"""

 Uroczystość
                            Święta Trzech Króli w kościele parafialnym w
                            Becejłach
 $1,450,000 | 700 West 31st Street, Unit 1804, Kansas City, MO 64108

"""

### Required work
Repeat the data in its entirety, word for word.

### Written response
 Uroczystość
                            Święta Trzech Króli w kościele parafialnym w
                            Becejłach
 $1,450,000 | 700 West 31st Street, Unit 1804, Kansas City, MO 64108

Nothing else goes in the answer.